Activity:
Where a line below holds the string "your", that line goes into the answer.

Entries provided:
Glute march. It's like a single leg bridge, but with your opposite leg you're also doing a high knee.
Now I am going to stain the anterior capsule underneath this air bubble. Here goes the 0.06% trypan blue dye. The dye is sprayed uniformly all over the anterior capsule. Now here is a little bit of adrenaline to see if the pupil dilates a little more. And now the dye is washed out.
* * *
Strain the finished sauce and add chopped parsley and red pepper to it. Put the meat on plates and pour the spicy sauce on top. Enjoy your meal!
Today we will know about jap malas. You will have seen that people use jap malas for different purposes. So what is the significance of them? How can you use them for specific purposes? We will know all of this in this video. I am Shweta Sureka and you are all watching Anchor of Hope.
==
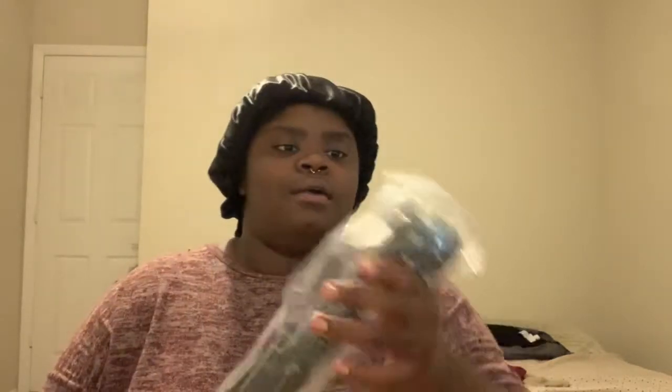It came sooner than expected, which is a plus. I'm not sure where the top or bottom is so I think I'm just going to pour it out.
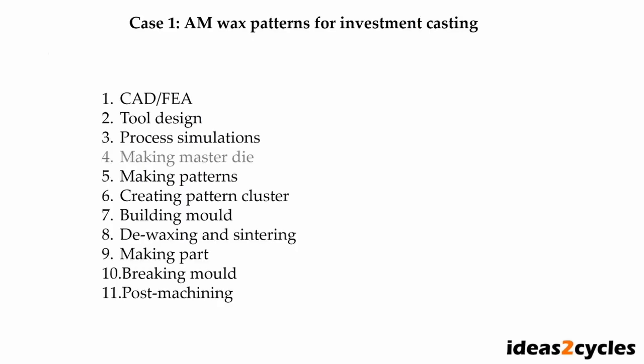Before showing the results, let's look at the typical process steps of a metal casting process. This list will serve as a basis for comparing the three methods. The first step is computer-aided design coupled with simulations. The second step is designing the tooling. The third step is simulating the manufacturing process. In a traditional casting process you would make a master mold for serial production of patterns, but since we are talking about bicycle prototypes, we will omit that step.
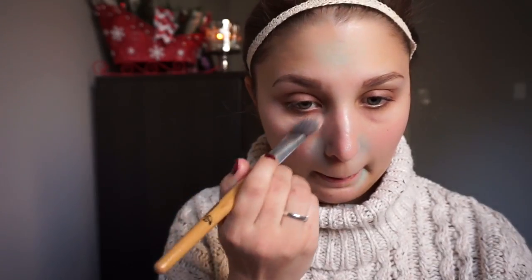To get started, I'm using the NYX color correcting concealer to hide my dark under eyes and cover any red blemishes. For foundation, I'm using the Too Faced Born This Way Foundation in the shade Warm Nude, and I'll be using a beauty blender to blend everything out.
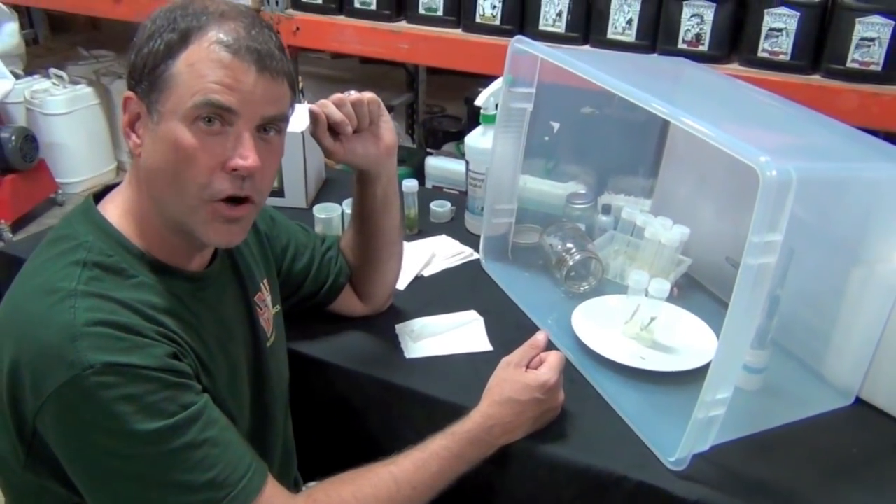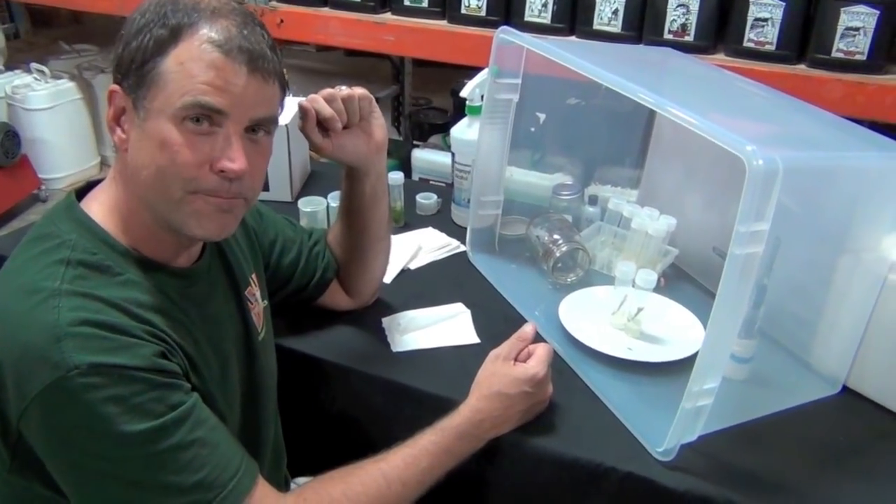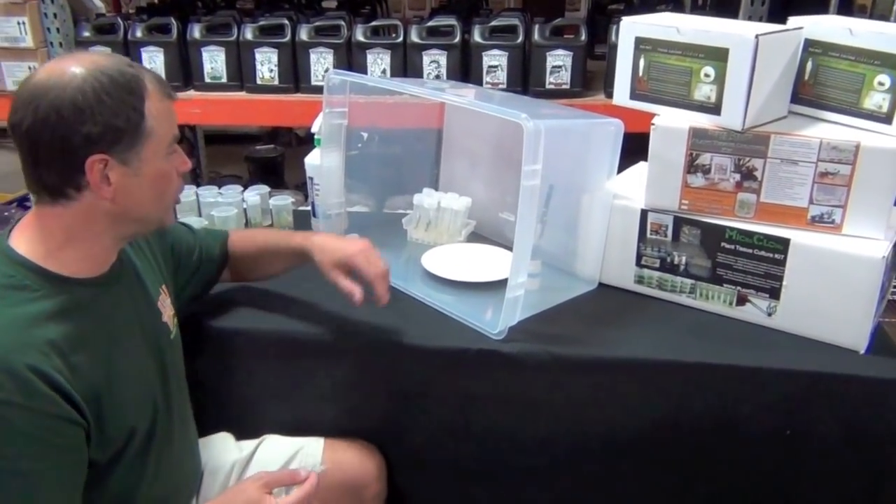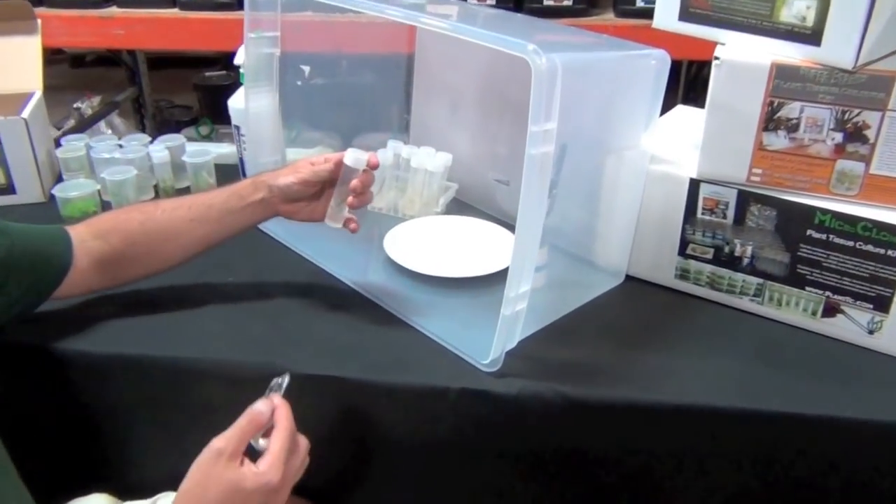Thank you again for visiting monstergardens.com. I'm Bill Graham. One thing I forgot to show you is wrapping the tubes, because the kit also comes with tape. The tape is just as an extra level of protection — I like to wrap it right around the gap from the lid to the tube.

Solution below:
Glute march. It's like a single leg bridge, but with your opposite leg you're also doing a high knee.
Strain the finished sauce and add chopped parsley and red pepper to it. Put the meat on plates and pour the spicy sauce on top. Enjoy your meal!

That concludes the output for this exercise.